Sinceramente, não esperava de você uma atitude como esta.

Em outros casos, o advérbio é empregado para enquadrar o que se enuncia sob um determinado ramo do conhecimento como em

Juridicamente, ele não tem direito a receber as verbas reclamadas.

3.  verbos auxiliares também são usados com funções modalizadoras, particularmente, os verbos poder e dever, como podemos observar em

O governador poderá ser candidato à reeleição.

O governador deverá ser candidato à reeleição.

4.  certas palavras e expressões, que pelo próprio conteúdo semântico, prestam-se a modalizar enunciados.
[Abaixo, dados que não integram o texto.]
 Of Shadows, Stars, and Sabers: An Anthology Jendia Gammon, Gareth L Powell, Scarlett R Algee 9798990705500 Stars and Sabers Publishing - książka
É o caso de verbos como supor, crer, achar, parecer, imaginar etc. como podemos observar nas sentenças a seguir.

Supõe-se que o governador será candidato à reeleição.

Creio que o governador seja candidato à reeleição.

5.   certas formas verbais como o futuro do pretérito do indicativo, como em

Tal atitude exigiria muita determinação dos envolvidos.

Uma decisão desse tipo acarretaria protestos de ambas as partes.

Quando o tema é modalização, há quem insista na nomenclatura técnica, classificando-a em tipos, a saber, modalidade epistêmica, relacionada às condições de verdade do enunciado, modalidade deôntica, relacionada à obrigatoriedade ou não obrigatoriedade de o conteúdo do enunciado ocorrer, e modalidade apreciativa, relacionada à avaliação do enunciador em relação ao enunciado.

O conhecimento sobre a modalização da linguagem, porém, não se restringe em saber uma nomenclatura específica, ou seja, se ela é deôntica, epistêmica, ou apreciativa. O importante é reconhecer os efeitos de sentido que produzem os modalizadores para que se possa construir o sentido dos textos que se leem e saber usá-los na elaboração de textos a fim de obter os efeitos de sentido pretendidos. A modalização diz respeito à linguagem verbal, portanto é manifestada linguisticamente, o que implica domínio de tópicos gramaticais, como os arrolados nos itens 1 a 5.